“The question is," said the doctor, pursing his lips as he scanned the array of scalpels and surgical instruments, "What is a man?"
The captive struggled against its bonds, sensing the madness in the air. Yet they held secure. Across the room, the doctor's assistant licked his chops like a cat wailing for table scraps.
"Is it the mind?" continued the doctor, stroking the surgical steel,
“Is it the hand? The opposable thumb? The upright manner? Perhaps it’s the spine, or forward-facing, predatory eyes. Something as simple as a communal nature or as mysterious and unknowable as the mythical soul. ”
He plucked a scalpel from the tray and held it up, the edge of the blade glittering in the light, highlighting the rust eating into the scalpel’s handle. “This one will do, ” he said calmly. “There is an art to all of this. It is the First Art, this creation of new flesh, being the art the gods used to call life into being.”

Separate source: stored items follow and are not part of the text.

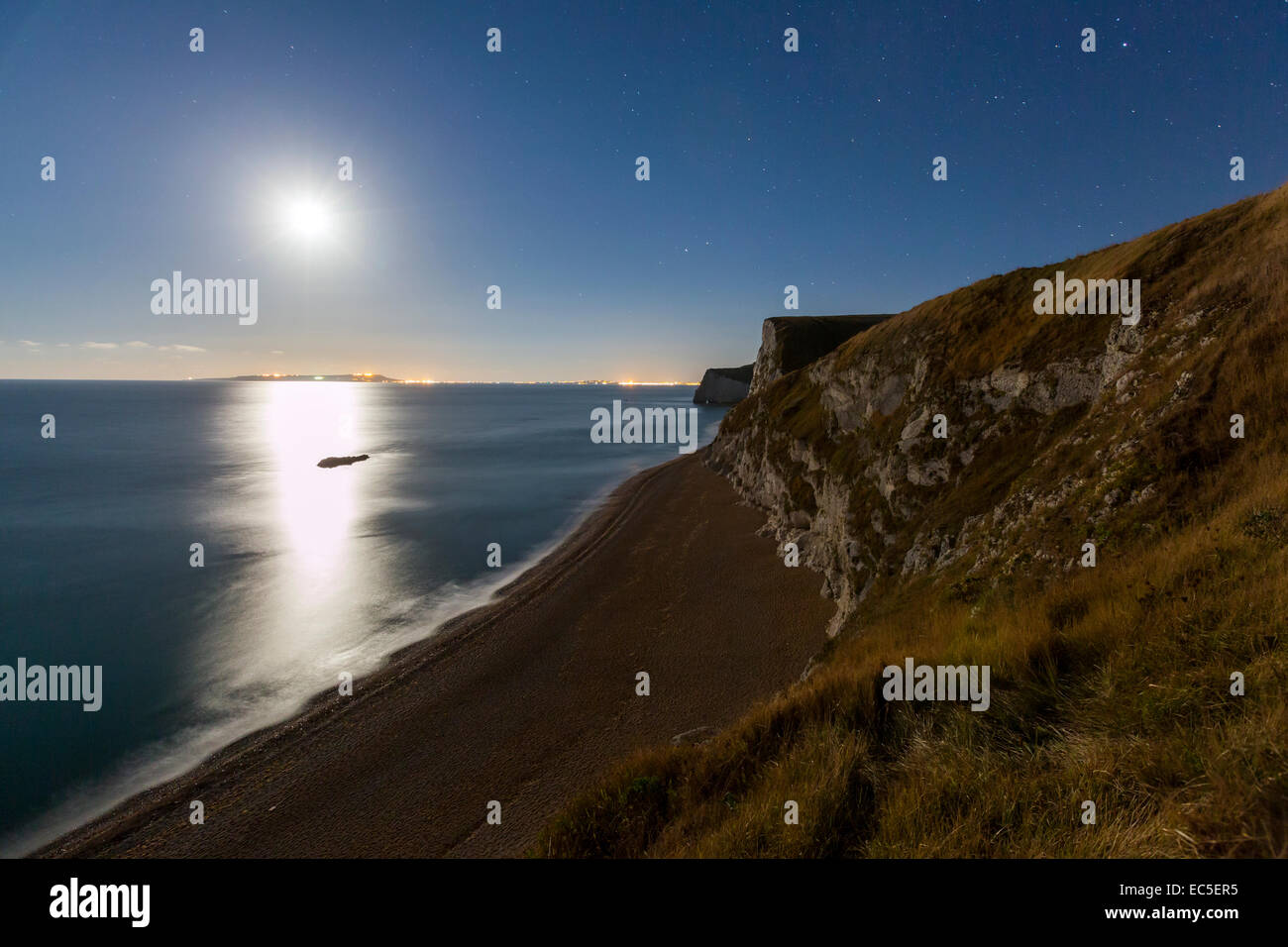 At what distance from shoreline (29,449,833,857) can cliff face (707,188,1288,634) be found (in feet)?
17.2

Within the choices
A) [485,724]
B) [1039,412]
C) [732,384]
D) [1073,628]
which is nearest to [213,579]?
[485,724]

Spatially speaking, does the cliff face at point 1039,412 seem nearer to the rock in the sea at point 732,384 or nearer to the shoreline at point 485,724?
the shoreline at point 485,724

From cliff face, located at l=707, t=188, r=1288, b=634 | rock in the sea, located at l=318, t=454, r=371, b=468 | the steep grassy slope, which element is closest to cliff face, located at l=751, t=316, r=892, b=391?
cliff face, located at l=707, t=188, r=1288, b=634

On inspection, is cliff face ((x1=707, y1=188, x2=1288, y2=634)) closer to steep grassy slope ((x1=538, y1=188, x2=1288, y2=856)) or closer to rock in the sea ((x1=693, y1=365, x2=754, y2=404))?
steep grassy slope ((x1=538, y1=188, x2=1288, y2=856))

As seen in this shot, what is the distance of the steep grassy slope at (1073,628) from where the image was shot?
14.4 feet

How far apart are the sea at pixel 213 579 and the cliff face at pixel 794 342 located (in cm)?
2226

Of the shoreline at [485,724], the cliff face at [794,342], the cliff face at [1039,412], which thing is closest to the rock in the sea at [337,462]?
the shoreline at [485,724]

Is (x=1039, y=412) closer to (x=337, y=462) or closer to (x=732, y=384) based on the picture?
(x=337, y=462)

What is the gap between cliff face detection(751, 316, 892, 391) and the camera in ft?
215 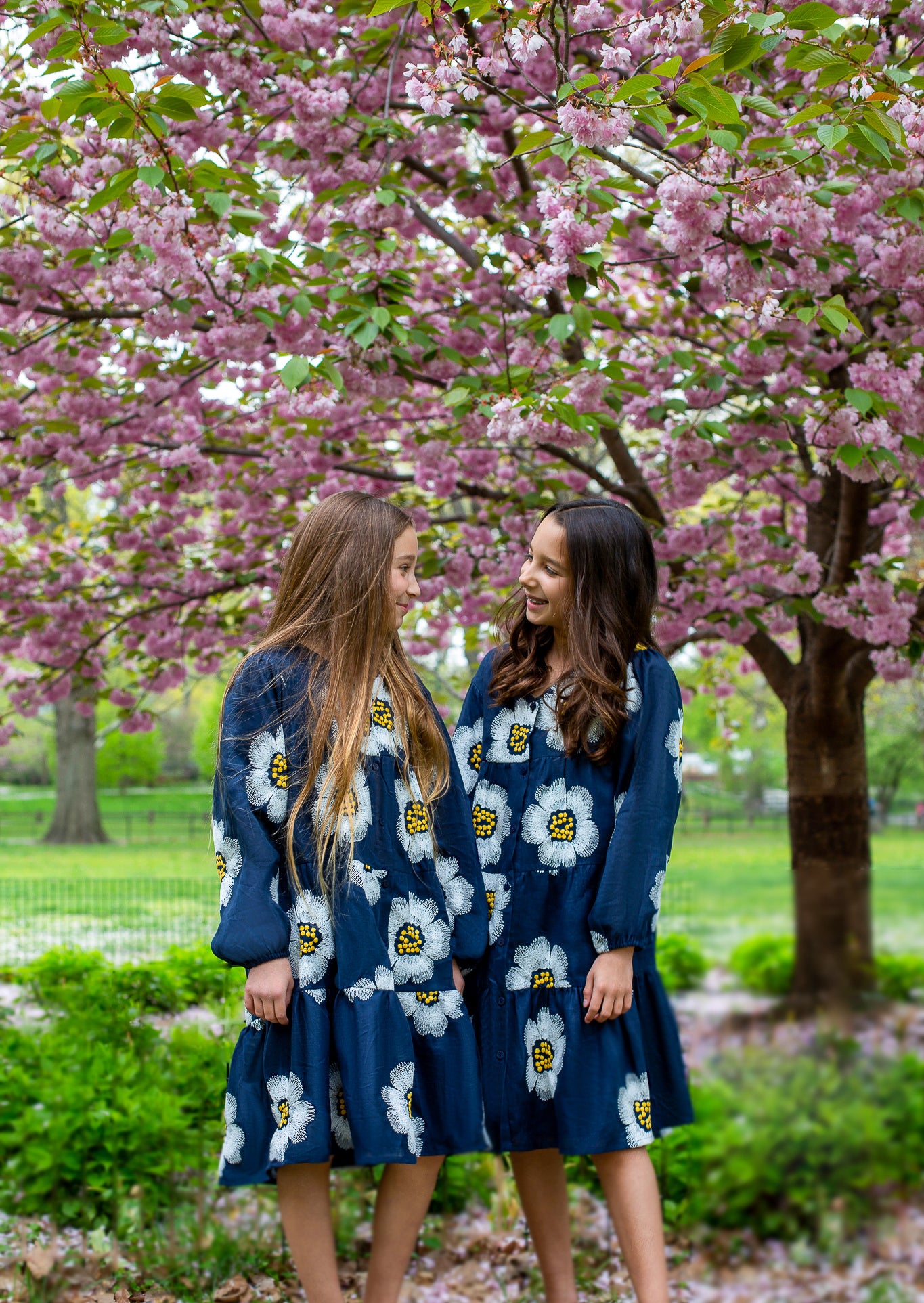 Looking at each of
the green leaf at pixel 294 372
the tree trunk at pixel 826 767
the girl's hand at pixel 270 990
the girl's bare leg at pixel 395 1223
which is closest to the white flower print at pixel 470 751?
the girl's hand at pixel 270 990

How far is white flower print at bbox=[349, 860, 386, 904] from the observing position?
1.87m

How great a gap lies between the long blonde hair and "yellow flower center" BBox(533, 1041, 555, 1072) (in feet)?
1.42

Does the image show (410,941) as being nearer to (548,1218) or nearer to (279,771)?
(279,771)

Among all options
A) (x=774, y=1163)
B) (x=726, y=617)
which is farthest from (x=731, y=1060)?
(x=726, y=617)

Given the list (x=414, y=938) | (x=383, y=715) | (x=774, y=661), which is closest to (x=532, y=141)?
(x=383, y=715)

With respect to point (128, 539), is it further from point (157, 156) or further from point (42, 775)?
point (42, 775)

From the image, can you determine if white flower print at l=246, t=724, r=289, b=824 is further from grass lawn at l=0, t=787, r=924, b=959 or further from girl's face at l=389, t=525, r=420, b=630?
grass lawn at l=0, t=787, r=924, b=959

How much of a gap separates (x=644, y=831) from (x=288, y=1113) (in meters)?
0.76

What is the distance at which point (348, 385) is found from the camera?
9.97 feet

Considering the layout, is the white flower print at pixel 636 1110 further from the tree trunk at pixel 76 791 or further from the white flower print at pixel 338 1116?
the tree trunk at pixel 76 791

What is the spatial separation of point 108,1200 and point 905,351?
2962 millimetres

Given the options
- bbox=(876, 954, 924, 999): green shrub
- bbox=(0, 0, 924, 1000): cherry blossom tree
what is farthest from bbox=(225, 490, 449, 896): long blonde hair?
bbox=(876, 954, 924, 999): green shrub

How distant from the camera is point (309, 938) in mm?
1832

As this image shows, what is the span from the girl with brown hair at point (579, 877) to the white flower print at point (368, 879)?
0.89 ft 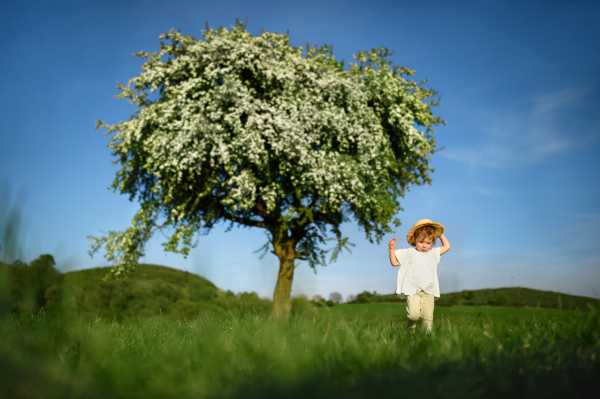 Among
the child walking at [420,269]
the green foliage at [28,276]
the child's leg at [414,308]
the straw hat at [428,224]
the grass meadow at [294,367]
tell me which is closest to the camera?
the grass meadow at [294,367]

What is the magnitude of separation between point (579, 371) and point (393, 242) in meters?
3.80

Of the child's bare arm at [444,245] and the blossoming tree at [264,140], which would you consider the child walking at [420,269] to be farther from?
the blossoming tree at [264,140]

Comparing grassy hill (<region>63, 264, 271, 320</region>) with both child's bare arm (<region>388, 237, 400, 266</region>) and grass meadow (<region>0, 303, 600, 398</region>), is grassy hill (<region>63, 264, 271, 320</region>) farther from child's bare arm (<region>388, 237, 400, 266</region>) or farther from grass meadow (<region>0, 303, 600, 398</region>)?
grass meadow (<region>0, 303, 600, 398</region>)

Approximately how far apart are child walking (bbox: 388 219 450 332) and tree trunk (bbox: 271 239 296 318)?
857 cm

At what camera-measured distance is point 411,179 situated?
54.3ft

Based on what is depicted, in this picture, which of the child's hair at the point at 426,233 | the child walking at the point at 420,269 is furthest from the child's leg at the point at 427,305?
the child's hair at the point at 426,233

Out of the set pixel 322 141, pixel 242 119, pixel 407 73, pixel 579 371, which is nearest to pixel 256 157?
pixel 242 119

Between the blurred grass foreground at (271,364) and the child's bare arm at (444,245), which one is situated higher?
the child's bare arm at (444,245)

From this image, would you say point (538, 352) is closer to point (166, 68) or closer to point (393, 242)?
point (393, 242)

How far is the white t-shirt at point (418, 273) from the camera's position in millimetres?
6047

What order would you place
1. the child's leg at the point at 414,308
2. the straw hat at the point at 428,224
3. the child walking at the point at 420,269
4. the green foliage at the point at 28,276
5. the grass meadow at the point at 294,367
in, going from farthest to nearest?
the straw hat at the point at 428,224 → the child walking at the point at 420,269 → the child's leg at the point at 414,308 → the green foliage at the point at 28,276 → the grass meadow at the point at 294,367

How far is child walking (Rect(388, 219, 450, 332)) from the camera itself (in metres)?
6.03

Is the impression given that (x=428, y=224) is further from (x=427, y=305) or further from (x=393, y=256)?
(x=427, y=305)

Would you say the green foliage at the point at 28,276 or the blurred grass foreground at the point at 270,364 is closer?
the blurred grass foreground at the point at 270,364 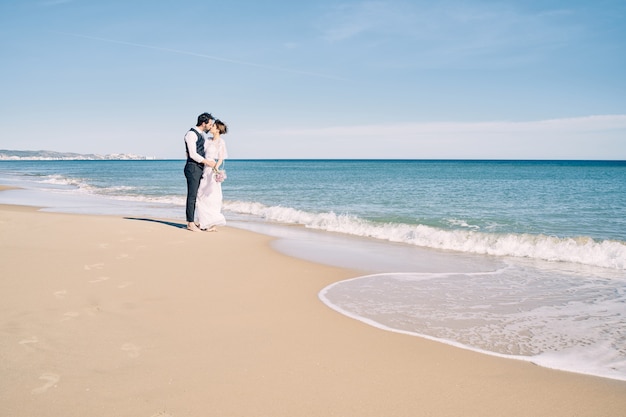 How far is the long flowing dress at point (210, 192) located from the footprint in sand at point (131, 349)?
6476 millimetres

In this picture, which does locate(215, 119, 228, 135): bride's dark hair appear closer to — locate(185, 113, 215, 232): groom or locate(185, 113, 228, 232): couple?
locate(185, 113, 228, 232): couple

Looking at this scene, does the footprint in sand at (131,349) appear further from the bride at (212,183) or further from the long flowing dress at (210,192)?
the long flowing dress at (210,192)

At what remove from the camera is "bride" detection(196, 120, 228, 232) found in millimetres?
9852

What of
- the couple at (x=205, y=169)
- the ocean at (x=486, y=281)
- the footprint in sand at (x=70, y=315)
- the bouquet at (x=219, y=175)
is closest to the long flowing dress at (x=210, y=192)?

The doctor turned to his experiment, the creature’s eyes white with terror, “What is a man?’’ said the doctor, “That is precisely what we’re about to find out.”
The screams from the hut pealed out across the jungle like church bells, causing flights of brightly colored birds to take wing in panic and animals to head for their burrows. Former experiments of the doctor nodded their head in fear and respect-the Giver of Pain was performing his grisly work.
Yet was the fear they felt in empathy for the poor brute who was the Doctor’s subject, or was it in the growing horror that the screams seemed to form words, and that the voice of the doctor’s victim was neither man nor beast?
The Realm of Dread is home to many men that can claim an astonishing understanding of medicine and natural philosophy. However, in one field no sage or physician—whether renowned and respected or obscure and disreputable—is the equal of the madman Frantisek Markov: the anatomy and physiology of animals. Through decades of observation, dissection, vivisection and arduous experimentation, Frantisek Markov has nearly perfected an abominable procedure for the transformation of an animal into an appalling creature with a suggestion of humanity. This procedure involves no arcane or divine magic, but the agonizing reconstruction of an entire organism’s morphology through surgical and alchemical techniques. It demands the technical genius of a craftsman, the diligence and patience of a physician, and the cold detachment of a hog slaughterer. Unfortunately, Markov possesses all of these traits in spades.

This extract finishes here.